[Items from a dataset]
=== Section Start ===

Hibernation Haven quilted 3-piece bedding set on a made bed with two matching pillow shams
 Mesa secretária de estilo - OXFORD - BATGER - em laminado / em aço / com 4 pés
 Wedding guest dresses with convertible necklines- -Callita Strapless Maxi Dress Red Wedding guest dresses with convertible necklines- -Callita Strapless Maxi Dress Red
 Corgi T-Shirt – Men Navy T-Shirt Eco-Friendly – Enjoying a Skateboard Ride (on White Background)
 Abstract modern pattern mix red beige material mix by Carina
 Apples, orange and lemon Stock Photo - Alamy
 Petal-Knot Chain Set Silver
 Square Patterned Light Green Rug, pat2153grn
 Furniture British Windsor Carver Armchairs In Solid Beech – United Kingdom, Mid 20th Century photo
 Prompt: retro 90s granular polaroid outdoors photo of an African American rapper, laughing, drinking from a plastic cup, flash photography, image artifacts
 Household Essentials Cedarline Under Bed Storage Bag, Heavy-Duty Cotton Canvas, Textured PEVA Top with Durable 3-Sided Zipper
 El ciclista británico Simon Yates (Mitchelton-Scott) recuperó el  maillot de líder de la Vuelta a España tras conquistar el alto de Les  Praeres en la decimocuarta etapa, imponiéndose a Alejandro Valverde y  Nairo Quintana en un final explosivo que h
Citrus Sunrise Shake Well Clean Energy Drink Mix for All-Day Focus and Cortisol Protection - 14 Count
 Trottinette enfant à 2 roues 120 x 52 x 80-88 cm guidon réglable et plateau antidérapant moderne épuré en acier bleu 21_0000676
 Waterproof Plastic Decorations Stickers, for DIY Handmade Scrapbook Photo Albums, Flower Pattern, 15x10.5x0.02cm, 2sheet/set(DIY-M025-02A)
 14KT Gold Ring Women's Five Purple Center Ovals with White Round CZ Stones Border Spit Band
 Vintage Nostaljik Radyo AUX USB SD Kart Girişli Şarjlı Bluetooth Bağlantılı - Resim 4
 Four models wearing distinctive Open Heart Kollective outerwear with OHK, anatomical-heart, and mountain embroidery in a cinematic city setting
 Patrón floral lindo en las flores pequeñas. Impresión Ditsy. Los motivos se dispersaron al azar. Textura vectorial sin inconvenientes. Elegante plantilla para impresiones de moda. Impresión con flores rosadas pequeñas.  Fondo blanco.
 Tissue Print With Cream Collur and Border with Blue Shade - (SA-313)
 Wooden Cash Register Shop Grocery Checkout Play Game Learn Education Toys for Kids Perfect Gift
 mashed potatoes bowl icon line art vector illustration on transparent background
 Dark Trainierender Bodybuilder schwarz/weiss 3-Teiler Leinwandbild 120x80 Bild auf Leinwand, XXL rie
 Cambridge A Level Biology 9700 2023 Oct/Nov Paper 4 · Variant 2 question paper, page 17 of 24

=== Section End ===

Prompt - Indicate how many lines in the records above include the word "White", giving no other content.

Your solution - 2